CourtU.S. Court of Appeals — District of Columbia Circuit

On Petition for Review of an Order of the Environmental Protection Agency.

Henry V. Nickel and William H. Lewis, Jr., argued the cause for petitioners. With them on the briefs were Mel S. Schulze, Lauren E. Freeman, David E. Menotti, William F. Pedersen, Joshua D. Sarnoff, Gene E. Godley, Robert N. Steinwurtzel, Howard B. Myers, Roger Walker, Leslie Sue Ritts, Chris S. Leason, Robert Brager, David Friedland, Christina Franz, Alexandra Dapolito Dunn, Julie Hatcher, Michael H. Levin, Michael McGovern, Lynn L. Bergeson, Bethami Auerbach, Robert L. Brubaker, Janet J. Henry, Paul G. Wallach, Kenneth R. Meade, Jerome H. Heckman, Peter L. de la Cruz, William M. Bumpers, Debra J. Jezouit, Jennifer S. Leete, John L. Wittenborn, Chet M. Thompson, Edwin H. Seeger and Jane C. Luxton. David F. Zoll and Richard A. Flye entered appearances.
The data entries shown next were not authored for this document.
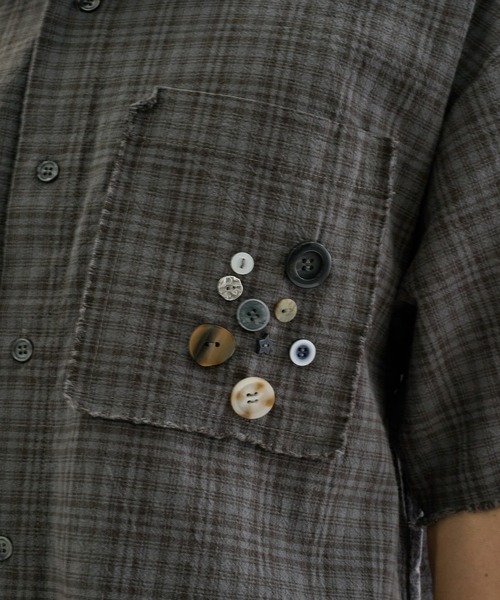 EPNK(イーピーエヌケー)の「Scattered Button fringe check shirts / スキャッタードボタンフリンジチェックシャツ(シャツ/ブラウス・メンズ・チャコールグレー/ネイビー・SMALL/MEDIUM/LARGE)」の9枚目の写真
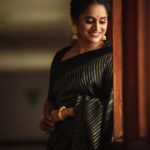 Surabhi Lakshmi Instagram – Happy and Humbled to receive the Kerala Film Critics Best Actress award for the film Jwalamukhi. 
Every award is a reminder to keep marching forward and strive for more ✨

Event : Kerala Film Critics Award
Photography : @maheshfotographie
Wardrobe Consultant : @arjun_vasudevs
HMUA : @amal_ajithkumar
Wearing : @ektha.prescilajosephchungath
Jewellery : @anokhi_priyakishore 

#KeralaFilmCriticsAward #BestActress #AboutWork #Gratitude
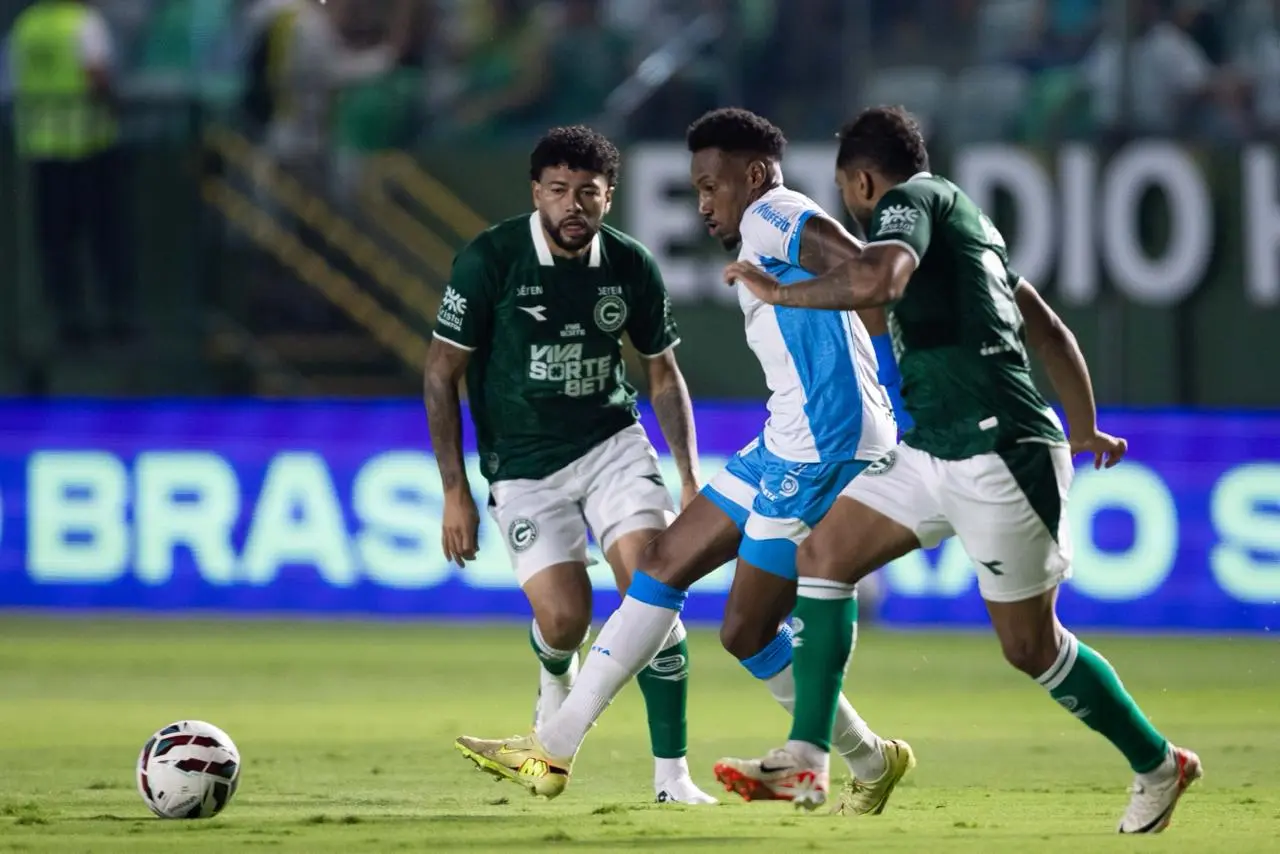 Goiás vence Londrina, sobe na tabela e fica a um ponto do G-6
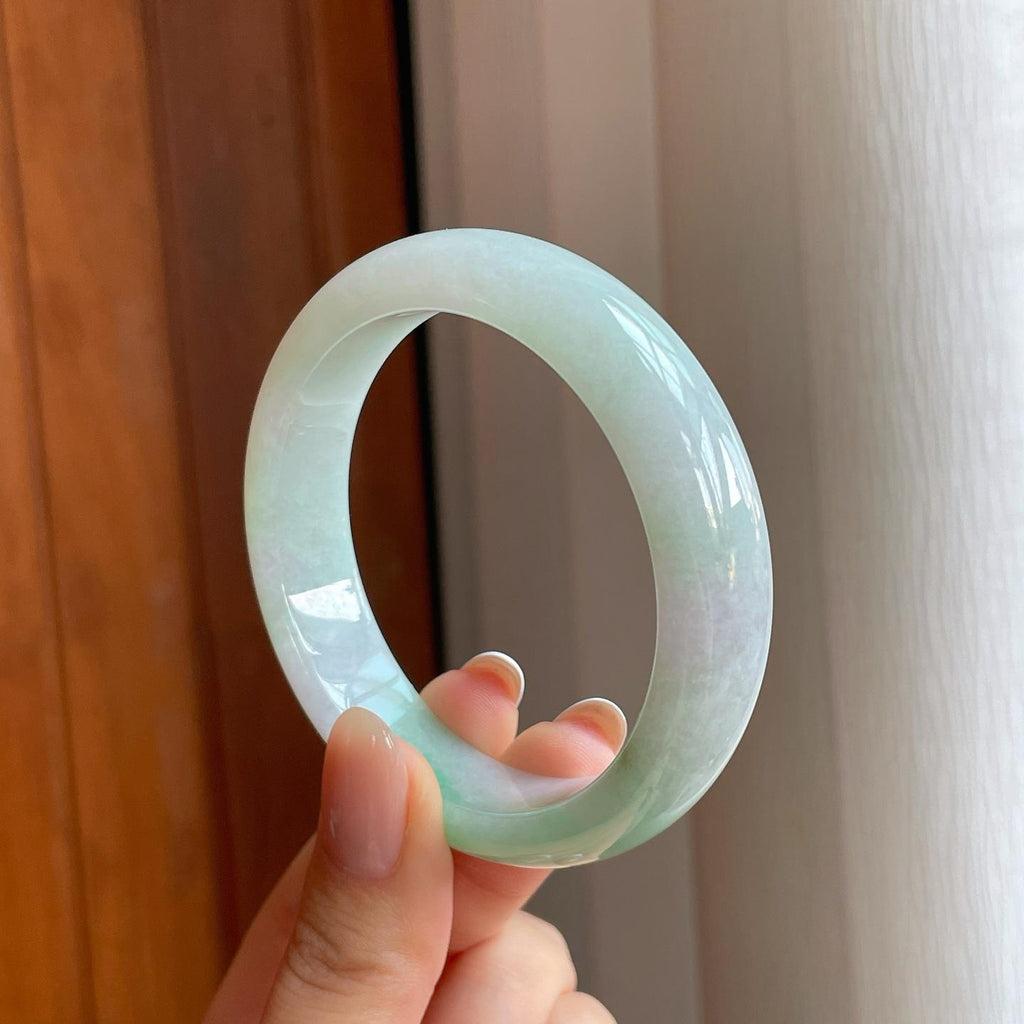 糯冰白底青翡翠平安镯（54.4mm)（yc366100）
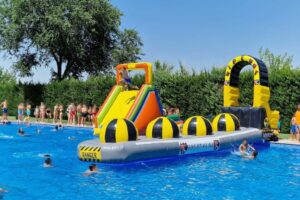 La Piscina Municipal de Argamasilla de Alba abrió sus puertas con una gran fiesta acuática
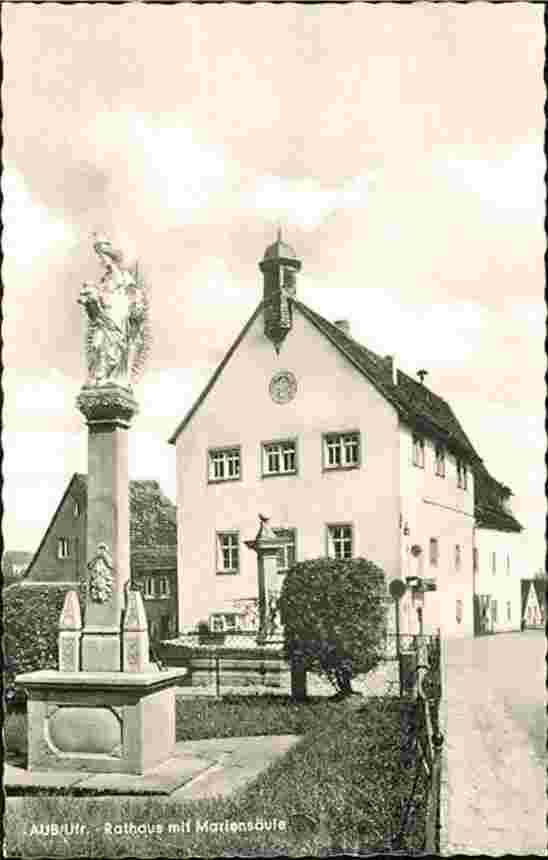 Aub. Rathaus mit Mariensäule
Karen L. Egbert and Patricia Ross McCubbin, Attorneys, U.S. Department of Justice, argued the cause for respondent. With them on the brief were Lois J. Schiffer, Assistant Attorney General, Robert G. Dreher and Gregory B. Foote, Counsel, U.S. Environmental Protection Agency. Cecilia E. Kim, Attorney, U.S. Department of Justice, entered an appearance.

William H. Lewis, Jr., Joshua D. Sarnoff and David B. Weinberg were on the brief for intervenor Battery Council International.

Gail Lewkowicz was on the brief for amici curiae State and Territorial Air Pollution Program Administrators (STAPPA) and Association of Local Air Pollution Control Officials (ALAPCO).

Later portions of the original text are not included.